Tuesday, May 26, 2009


And in my case, Pati too.

I recently posted a query on Indians on a professional networking site, by way of research for a non-fiction that I am, kind of, working on. Kind of, because the pace is abysmal, the sense of discipline completely lacking and the effort downright shameful. But that's another matter.

Back to the question on Indians. What I asked was non-controversially true but definitely offensive. I, to my innocent mind, felt the points cited were more offensive to the eyes and the sensibilities than to the ears.

While a lot of the responses were intelligent and gave comparable data from other nations; the others wrote back as if they have been struck across the face, personally affronted and belittled. Now, I really wasn't expecting this.

One respondent said that while he agrees that Indians are all this and more, I should not talk about it openly on a global and public forum such as the internet.

However, one Gujju Bhai out of Oklahoma took the cake. If I were to translate his response into Hindi, this is what he said - "Aur tere Baap, Bhai, Bete ka kya?"

Here is my question that is raising hackles with many -

As an Indian I have conflicting emotions for my country and my fellow countrymen. While I am extremely proud on one end, I am sorely ashamed on the other. I invite comments from Indians and the international set on what happens in their country and why?

I am extremely proud of India's history, culture, heritage, democracy, tolerance, festivals, religiosity or rather spirituality, languages, unity in diversity, natural endowments, colours, cuisines, pot pourri of different influences that have confluenced into an unique amalgamation we call India and the other usual suspects.

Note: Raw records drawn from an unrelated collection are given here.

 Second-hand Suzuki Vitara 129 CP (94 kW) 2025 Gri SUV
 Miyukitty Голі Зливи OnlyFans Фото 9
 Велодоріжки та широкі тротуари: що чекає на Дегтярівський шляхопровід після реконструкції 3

I am quite ashamed of the other, darker side of the continuum. Sample this -

1. A high percentage of Indians are illiterate or ill educated.
2. A lot of Indian men urinate in public.
3. Poor India defecates in the open.
4. Most Indian men spit in public.
5. A lot of Indians lack civic sense.
6. A lot of hypocrisy besets our attitude.
7. In our general bazaars, there is no honest price. We all need to haggle. But not in branded shops.
8. Most young urban and semi-urban India is rude, impolite and misses on basic etiquette.
9. Many of us deface our historical monuments.
10. We Indians litter our streets and public places.
11. Several Indian men are lecherous and have little respect for women.
12. Most Indian places are not safe for women, particularly in the night.
13. Eve teasing and other forms of harassment against women is rampant in India.
14. We do not preserve their culture and legacy well.
15. We have no driving etiquette.
16. We don't like the concept of queues.
17. We love to break the rules.
18. A lot of Indian offices thrive on politics.

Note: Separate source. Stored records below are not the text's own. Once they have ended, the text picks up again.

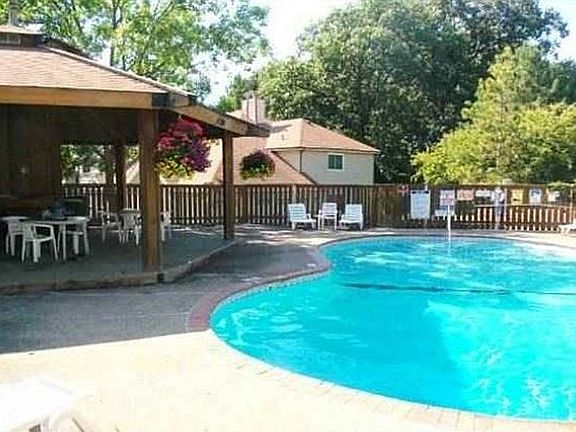 5th image of 14367 Fairway Dr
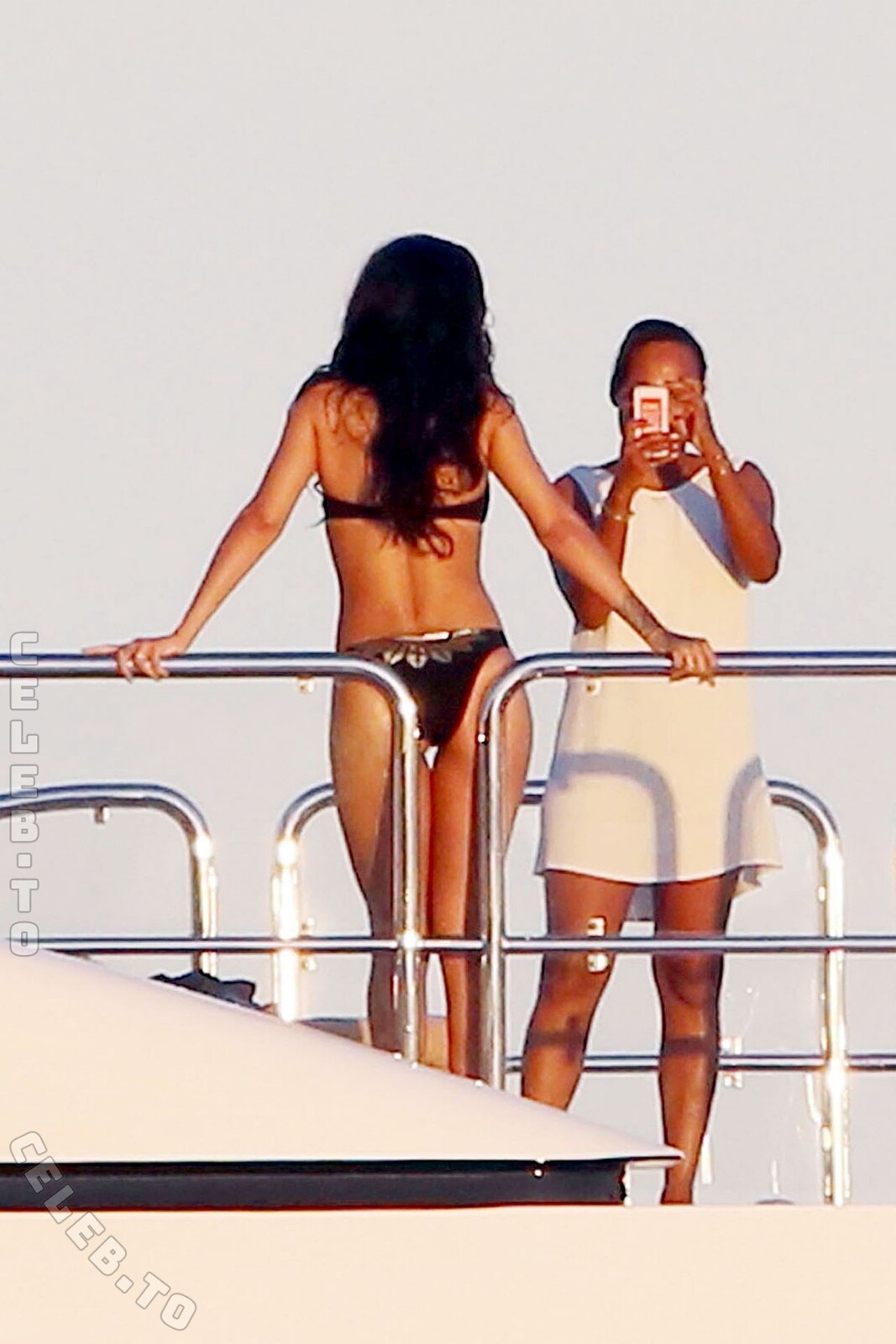 Rihanna nude photo 14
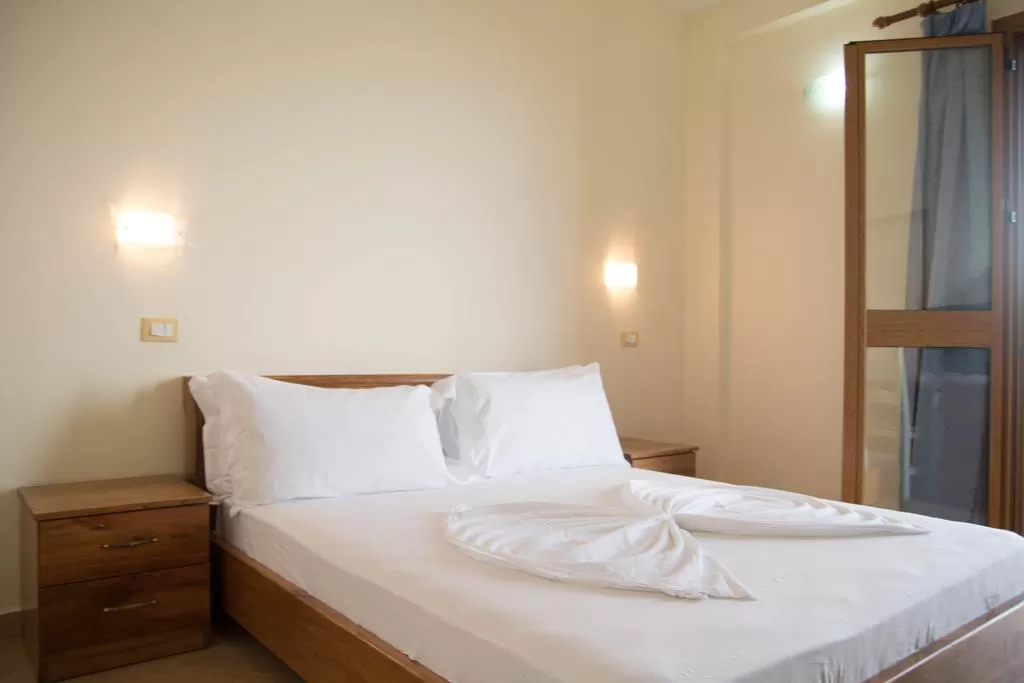 Jerolda - 13 - STD DBL MV 2.jpg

I could add more...............

But at this stage, I'd like to understand from my fellow, literate brethren why we are like this only. And I would appreciate if the global community could give examples from their geographical region.

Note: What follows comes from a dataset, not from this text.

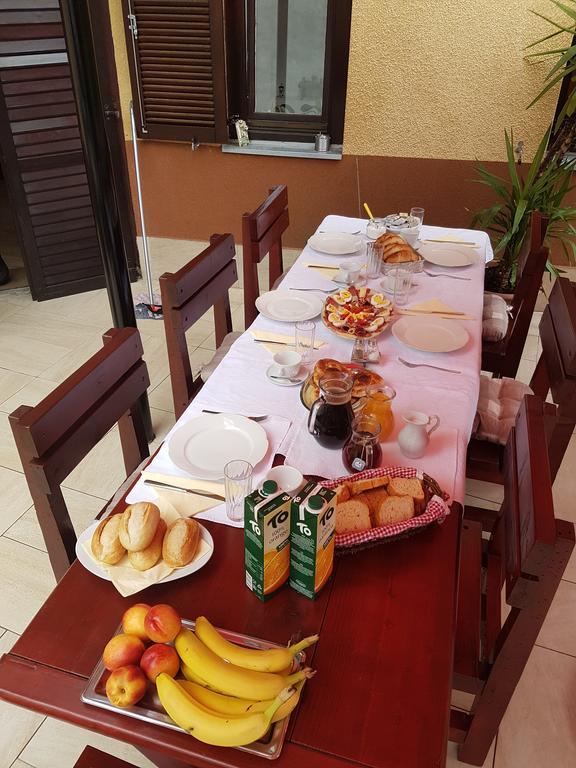 Vila Regina Rooms Karlovac Bagian luar foto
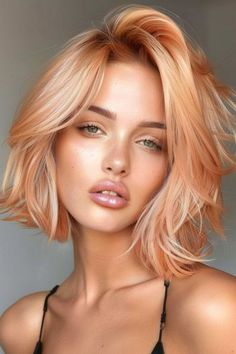 πυρόξανθα-καρέ-μαλλιά-ιδέες- Straight Textured Bob, Fringe Bob Haircut, Razored Layers, Straight Or Curly Hair, Razor Cut Bob, Razored Haircuts, Layered Hair With Bangs, Edgy Haircuts, Warm Blonde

Further, I am of the strong view that Indians weren't always to be accused of the things I have in my list of 18. Yes, India has had a checkered history - British, Mughals, Aryans, Turks and so on. The young today, blindly ape the West. My agenda is to hold a mirror to ourselves, admit what is wrong (and what was not, traditionally, always so) and rectify it lest we be labelled a race and culture that is known for these very attributes.

India is an emerging democracy with its economy on an upswing and its democratic government going strong. I feel it is up to every individual to make a positive contribution.

And what you do not recognise or accept, you cannot change.

At this point of time I am looking forward to intelligent responses that put into perspective whys and wherefroms of these issues that I have raised. I am not concerned whether it happens in other countries or not. I am hotly bothered about why my country is afflicted with these malaise. Have we, traditionally been so, or have been a victim of myriad influences that have shaped our history. What can we as individuals do to make a difference? Are there positive examples from other countries that we can emulate?

I am proud of India, you see, but ashamed of what Indians have turned it into.

I would welcome your insight on the following -

1. Why do we have these issues in India?
2. What is the genesis of these issues?
3. What are the solutions - education, awareness, government, NGO, individual support etc.?
4. Which other countries have had similar issues and how have they tackled it? For instance, one of the respondents advises me that UK used to have the problem of men urinating in public and they have passed a law against it.